Can anyone recommend a good line of foundations. I have looked at palletes but I am afraid I would never get the persons skin matched correctly... I need advice here

Thanks,


----------



## kdemers1221 (Mar 11, 2009)

im not a make up artist, but maybe buy a mixture of shades with different undertones instead of every shade and mix them to make custom shades depending on the client. that way your not spending a ton of money but you'll still be able to have foundation for everyone. HTH. : )

and good luck at the fashion show!


----------



## aeni (Mar 11, 2009)

Buy an RCMA palette.  They're amazing and can last for a very long time.

I also hear rave reviews over Revlon Colorstay if you just want liquid makeup.  Just use 244 fluid to thin it down for airbrushing.


----------



## madame_morbid (Mar 11, 2009)

I second the RCMA palette.  I have both the KO and Shinto shades, and use the Shinto far more than the other one. If you can afford both though I'd get the two of them, then you are covered for just about every skin tone you will encounter.


----------



## Efionawade (Mar 11, 2009)

For my kit I carry multiple types of moisturizers that leave the skin with different finishes (MAC Studio Moisture Cream, MAC Strobe Cream, MAC strobe liquid) and I carry tubes of MAC Select Coverup in NC15 NW20 NC30 NC50 and I mix them according to people's skin tones! Perfect match every time because I customize it and mix the different shades and tones to create the right one! Plus, it's compact!
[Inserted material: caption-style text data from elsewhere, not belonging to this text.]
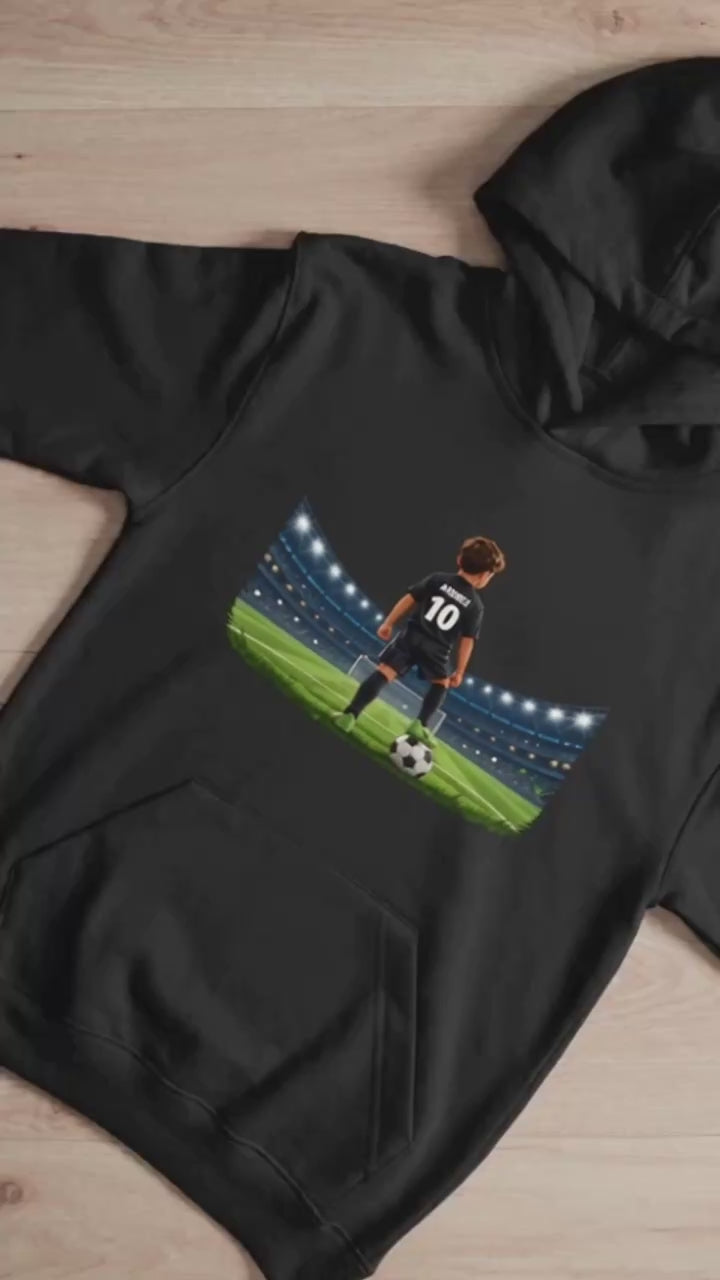 Hanorac Personalizat Fotbalist-2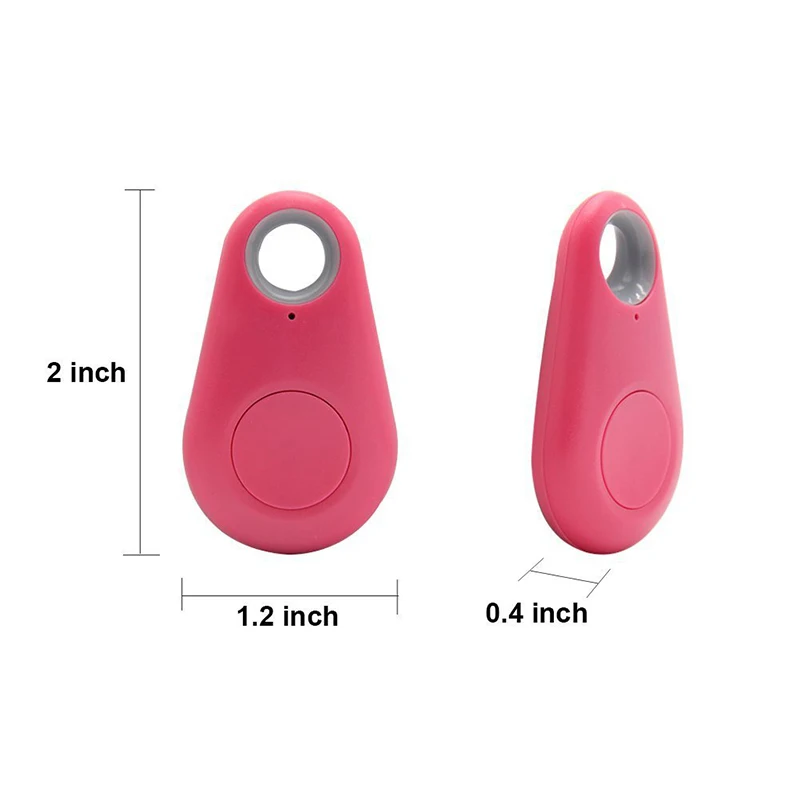 

Mini Smart GPS Tracker Waterproof Bluetooth Tracker Anti-Lost Alarm Tag Wireless Finder Locator Pet Dog Cat Keys Wallet Bag Kids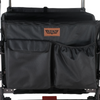 Keenz 7S+ stroller wagon in Black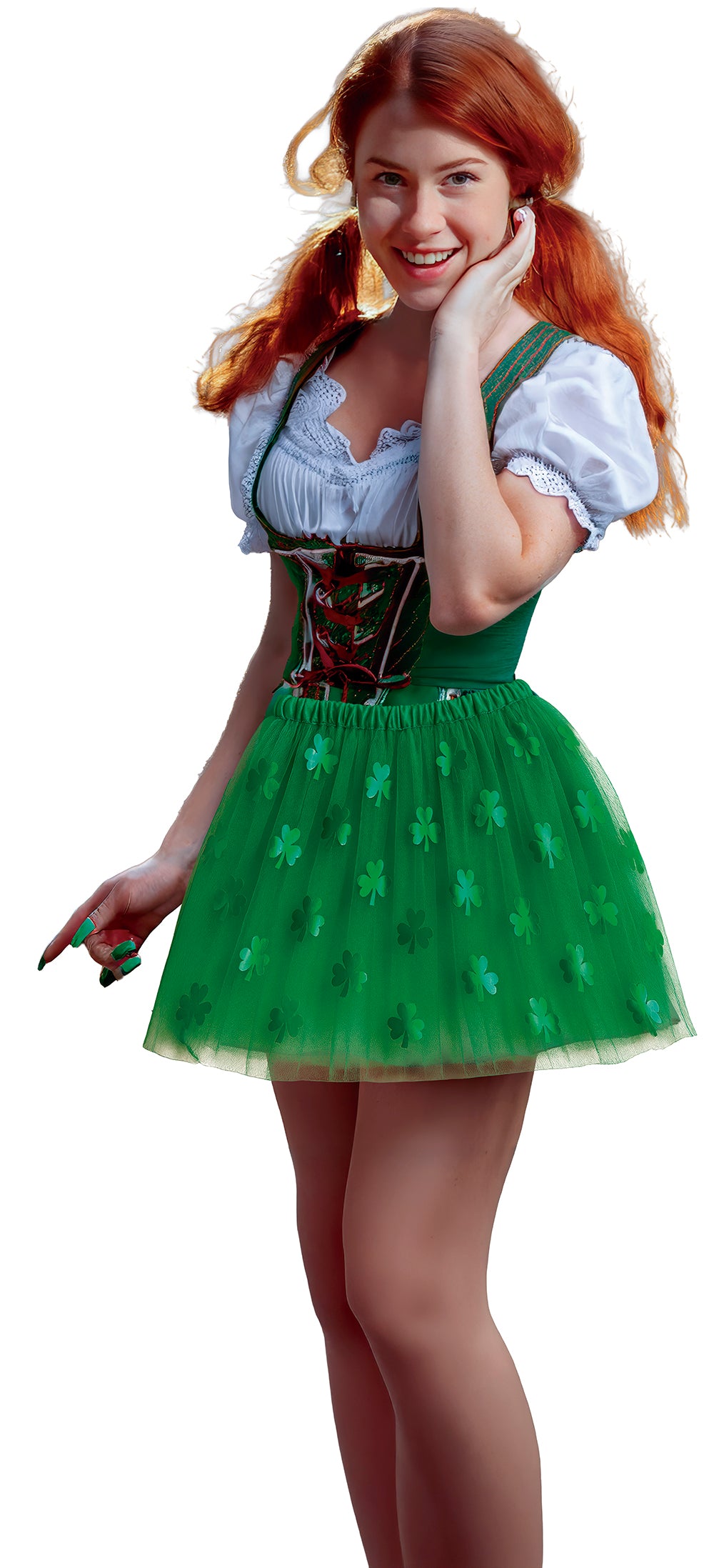 ST. PATRICK TUTU 40 CM, ADULT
I also carry MAC Face and Body foundation in White and C1. Most of the models I do makeup for regularily are quite fair, and I can mix White and C1 to create a perfect porcelain shade!

I then carry Mineralize powders in Light, Light Medium, Medium, Medium Plus, Medium Dark, and Dark.


----------



## 3773519 (Mar 11, 2009)

When I went to Makeup school in my MAC kit they gave me they started me off with the foundation sticks. I love using the few i had becuz i could use them for any occasion, unless the finish i was going was a powdered look, it was easy to mix. i would suggest that you get def a NC15, NW50 or 55 and then chose 2 cool and 2 warm in between tones. I usually have a lot of Light skinned clientel but i def have my trusty NC45 which i believe is a must for me. I can also suggest that i started using the new foundation tubes MAC has which where from the sculpting collection that just recently came out and i believe are still on the new overview on the website. Those suckers are soooooo good. I believe as long as u have good creamy foundations ur ok, just make sure to have blot powders, and set powders and u should be fine.


----------



## YSLGuy (Mar 11, 2009)

I need to get foundations for my kit as well. I think Im going to go with Studio Sculpt and just get a few key ones and blend to match.


----------



## billy_cakes (Mar 12, 2009)

I was just about to post a thread on this same topic, I want to get foundations as well, pref. in MAC and was wondering what people consider to be key shades and what formula people prefer... I dont know if i should get studio fix fluid or face and body or something else? 

So what do you consider to be key shades in foundations, concelors,powders?


----------



## Efionawade (Mar 12, 2009)

Quote:

   Originally Posted by *billy_cakes* 

 
_I was just about to post a thread on this same topic, I want to get foundations as well, pref. in MAC and was wondering what people consider to be key shades and what formula people prefer... I dont know if i should get studio fix fluid or face and body or something else? 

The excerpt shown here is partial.